[INFORMATION SHOWN Boundary: Start]

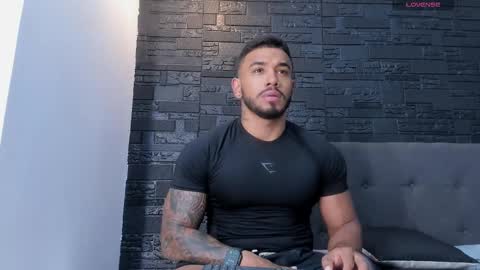 Snapshot of brock_hurn chatting on November 17, 8:58 pm brock_hurn online show from November 17, 8:58 pm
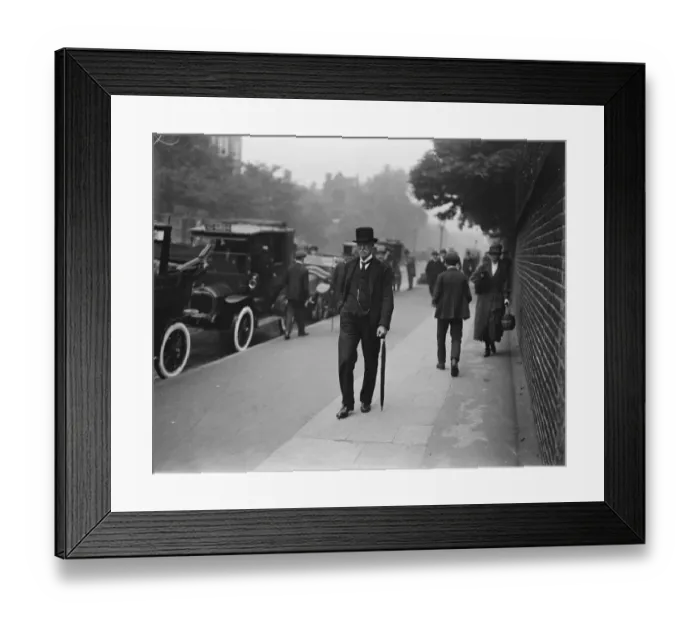 Framed Print : Notabilities arriving to witness the Varsities cricket match. Gen Sir Neville Lyttleton arriving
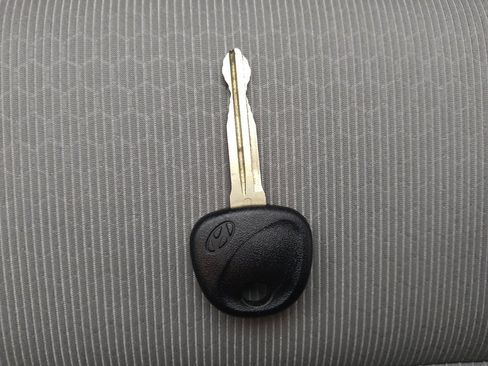 Used 2017 Hyundai Elantra SE w/ Cargo Package image 32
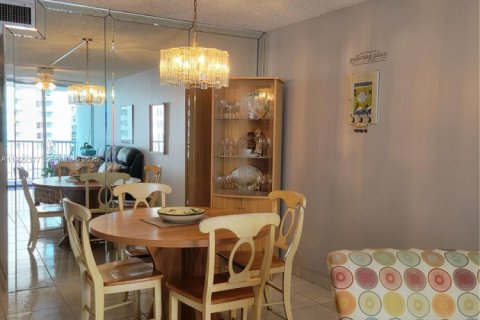 Condo in Miami Beach, Florida, 1 bedroom  № 1976455 - photo 4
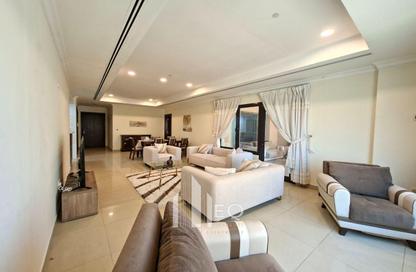 Apartment - 1 Bedroom - 2 Bathrooms for rent in West Porto Drive - Porto Arabia - The Pearl Island - Doha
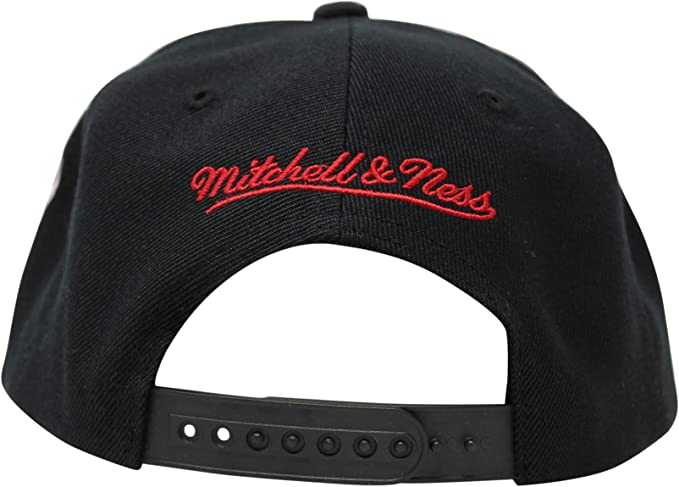 Mitchell & Ness Chicago Bulls Team Script Windy City 2.0 Snapback Hat Adjustable Cap - Black/Red - Pro Jersey Sports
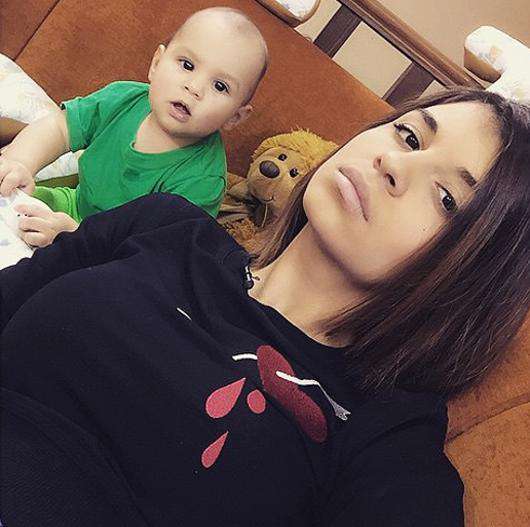 Алиана Гобозова с сыном Робертом. Фото: Instagram.com/aliana1001.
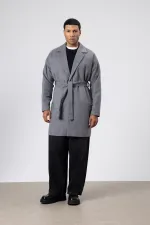 Manteau oversize en cachemire gris foncé avec ceinture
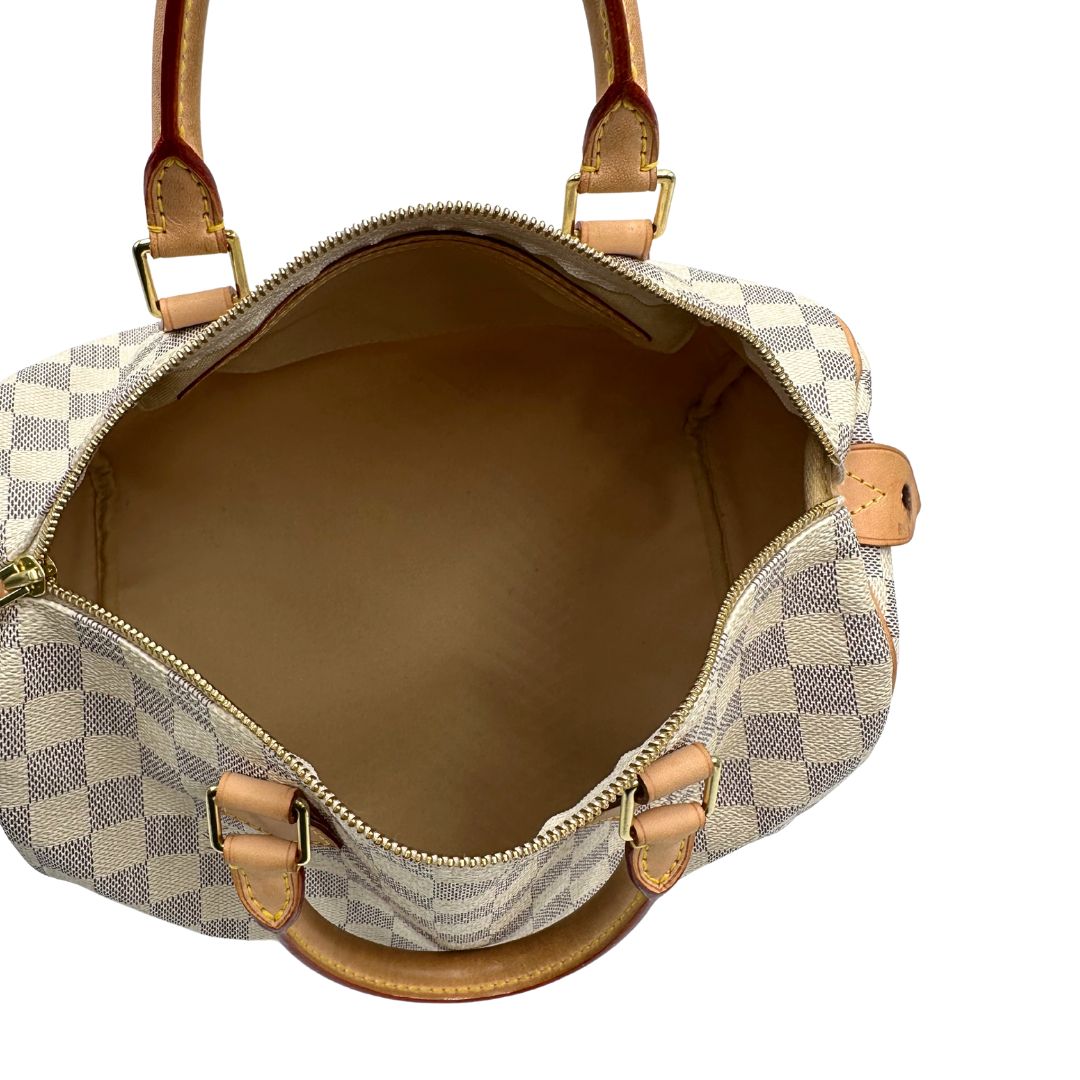 interno Borsa Speedy 30 Louis Vuitton in canvas Damier Azur con finiture in vacchetta naturale e parti metalliche dorate. Completo di lucchetto, chiavi e corredo, di lusso, originale, ottime condizioni, usata.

[INFORMATION SHOWN Boundary: End]

#### PROBLEM DESCRIPTION:
Leave out the pictures and repeat exactly the lines from the start of the material through the line that contains "Condo in Miami", both included.

#### WRITTEN SOLUTION:
 Snapshot of brock_hurn chatting on November 17, 8:58 pm brock_hurn online show from November 17, 8:58 pm
 Framed Print : Notabilities arriving to witness the Varsities cricket match. Gen Sir Neville Lyttleton arriving
 Used 2017 Hyundai Elantra SE w/ Cargo Package image 32
 Condo in Miami Beach, Florida, 1 bedroom  № 1976455 - photo 4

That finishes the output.